Reply with the data below, repeated exactly in full.

[Data entries]
________________
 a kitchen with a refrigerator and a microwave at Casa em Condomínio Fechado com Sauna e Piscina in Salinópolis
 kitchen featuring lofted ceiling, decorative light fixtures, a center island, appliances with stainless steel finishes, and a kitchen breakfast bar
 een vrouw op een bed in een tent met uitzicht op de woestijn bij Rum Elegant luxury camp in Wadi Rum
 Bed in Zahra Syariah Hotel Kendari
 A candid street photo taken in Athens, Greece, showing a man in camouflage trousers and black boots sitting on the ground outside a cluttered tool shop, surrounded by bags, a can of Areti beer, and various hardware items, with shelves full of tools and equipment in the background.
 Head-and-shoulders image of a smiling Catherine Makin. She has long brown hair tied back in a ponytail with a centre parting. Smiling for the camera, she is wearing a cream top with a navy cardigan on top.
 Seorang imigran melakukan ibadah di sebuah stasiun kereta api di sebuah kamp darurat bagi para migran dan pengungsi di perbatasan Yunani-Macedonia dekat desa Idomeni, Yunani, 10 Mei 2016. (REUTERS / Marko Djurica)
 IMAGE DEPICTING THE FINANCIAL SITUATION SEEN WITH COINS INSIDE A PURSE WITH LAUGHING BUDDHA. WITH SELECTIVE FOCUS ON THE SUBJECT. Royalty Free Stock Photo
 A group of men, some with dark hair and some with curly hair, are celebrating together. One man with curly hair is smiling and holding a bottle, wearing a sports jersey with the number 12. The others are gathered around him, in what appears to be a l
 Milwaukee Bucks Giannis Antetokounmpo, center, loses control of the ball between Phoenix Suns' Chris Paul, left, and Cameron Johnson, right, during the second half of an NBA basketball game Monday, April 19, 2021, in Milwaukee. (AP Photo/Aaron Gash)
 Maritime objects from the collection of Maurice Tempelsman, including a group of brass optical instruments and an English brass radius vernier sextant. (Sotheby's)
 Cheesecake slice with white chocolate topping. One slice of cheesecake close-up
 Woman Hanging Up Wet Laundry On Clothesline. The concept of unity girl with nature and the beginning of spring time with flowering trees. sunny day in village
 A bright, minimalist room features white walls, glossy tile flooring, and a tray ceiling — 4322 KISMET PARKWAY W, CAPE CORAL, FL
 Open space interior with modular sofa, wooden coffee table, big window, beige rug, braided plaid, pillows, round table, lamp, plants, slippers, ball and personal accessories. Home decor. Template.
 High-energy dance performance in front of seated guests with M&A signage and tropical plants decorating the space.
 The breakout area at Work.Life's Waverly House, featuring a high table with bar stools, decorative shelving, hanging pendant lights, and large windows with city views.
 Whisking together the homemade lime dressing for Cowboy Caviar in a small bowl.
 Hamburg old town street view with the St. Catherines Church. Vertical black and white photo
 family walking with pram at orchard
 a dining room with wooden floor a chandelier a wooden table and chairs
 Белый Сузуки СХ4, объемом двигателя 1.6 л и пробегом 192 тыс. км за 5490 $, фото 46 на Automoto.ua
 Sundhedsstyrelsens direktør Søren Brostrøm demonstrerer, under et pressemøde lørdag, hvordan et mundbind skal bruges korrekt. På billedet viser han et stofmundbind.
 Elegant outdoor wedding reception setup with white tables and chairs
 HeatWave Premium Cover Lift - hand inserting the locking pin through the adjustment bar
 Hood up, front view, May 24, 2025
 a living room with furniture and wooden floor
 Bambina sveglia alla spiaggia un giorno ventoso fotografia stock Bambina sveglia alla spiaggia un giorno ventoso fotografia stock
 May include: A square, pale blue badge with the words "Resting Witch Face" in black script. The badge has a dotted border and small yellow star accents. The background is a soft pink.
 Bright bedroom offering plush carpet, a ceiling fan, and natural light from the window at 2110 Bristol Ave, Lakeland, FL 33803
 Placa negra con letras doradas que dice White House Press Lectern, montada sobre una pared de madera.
________________
# [RESPONSE TO THE EXERCISE]
 a kitchen with a refrigerator and a microwave at Casa em Condomínio Fechado com Sauna e Piscina in Salinópolis
 kitchen featuring lofted ceiling, decorative light fixtures, a center island, appliances with stainless steel finishes, and a kitchen breakfast bar
 een vrouw op een bed in een tent met uitzicht op de woestijn bij Rum Elegant luxury camp in Wadi Rum
 Bed in Zahra Syariah Hotel Kendari
 A candid street photo taken in Athens, Greece, showing a man in camouflage trousers and black boots sitting on the ground outside a cluttered tool shop, surrounded by bags, a can of Areti beer, and various hardware items, with shelves full of tools and equipment in the background.
 Head-and-shoulders image of a smiling Catherine Makin. She has long brown hair tied back in a ponytail with a centre parting. Smiling for the camera, she is wearing a cream top with a navy cardigan on top.
 Seorang imigran melakukan ibadah di sebuah stasiun kereta api di sebuah kamp darurat bagi para migran dan pengungsi di perbatasan Yunani-Macedonia dekat desa Idomeni, Yunani, 10 Mei 2016. (REUTERS / Marko Djurica)
 IMAGE DEPICTING THE FINANCIAL SITUATION SEEN WITH COINS INSIDE A PURSE WITH LAUGHING BUDDHA. WITH SELECTIVE FOCUS ON THE SUBJECT. Royalty Free Stock Photo
 A group of men, some with dark hair and some with curly hair, are celebrating together. One man with curly hair is smiling and holding a bottle, wearing a sports jersey with the number 12. The others are gathered around him, in what appears to be a l
 Milwaukee Bucks Giannis Antetokounmpo, center, loses control of the ball between Phoenix Suns' Chris Paul, left, and Cameron Johnson, right, during the second half of an NBA basketball game Monday, April 19, 2021, in Milwaukee. (AP Photo/Aaron Gash)
 Maritime objects from the collection of Maurice Tempelsman, including a group of brass optical instruments and an English brass radius vernier sextant. (Sotheby's)
 Cheesecake slice with white chocolate topping. One slice of cheesecake close-up
 Woman Hanging Up Wet Laundry On Clothesline. The concept of unity girl with nature and the beginning of spring time with flowering trees. sunny day in village
 A bright, minimalist room features white walls, glossy tile flooring, and a tray ceiling — 4322 KISMET PARKWAY W, CAPE CORAL, FL
 Open space interior with modular sofa, wooden coffee table, big window, beige rug, braided plaid, pillows, round table, lamp, plants, slippers, ball and personal accessories. Home decor. Template.
 High-energy dance performance in front of seated guests with M&A signage and tropical plants decorating the space.
 The breakout area at Work.Life's Waverly House, featuring a high table with bar stools, decorative shelving, hanging pendant lights, and large windows with city views.
 Whisking together the homemade lime dressing for Cowboy Caviar in a small bowl.
 Hamburg old town street view with the St. Catherines Church. Vertical black and white photo
 family walking with pram at orchard
 a dining room with wooden floor a chandelier a wooden table and chairs
 Белый Сузуки СХ4, объемом двигателя 1.6 л и пробегом 192 тыс. км за 5490 $, фото 46 на Automoto.ua
 Sundhedsstyrelsens direktør Søren Brostrøm demonstrerer, under et pressemøde lørdag, hvordan et mundbind skal bruges korrekt. På billedet viser han et stofmundbind.
 Elegant outdoor wedding reception setup with white tables and chairs
 HeatWave Premium Cover Lift - hand inserting the locking pin through the adjustment bar
 Hood up, front view, May 24, 2025
 a living room with furniture and wooden floor
 Bambina sveglia alla spiaggia un giorno ventoso fotografia stock Bambina sveglia alla spiaggia un giorno ventoso fotografia stock
 May include: A square, pale blue badge with the words "Resting Witch Face" in black script. The badge has a dotted border and small yellow star accents. The background is a soft pink.
 Bright bedroom offering plush carpet, a ceiling fan, and natural light from the window at 2110 Bristol Ave, Lakeland, FL 33803
 Placa negra con letras doradas que dice White House Press Lectern, montada sobre una pared de madera.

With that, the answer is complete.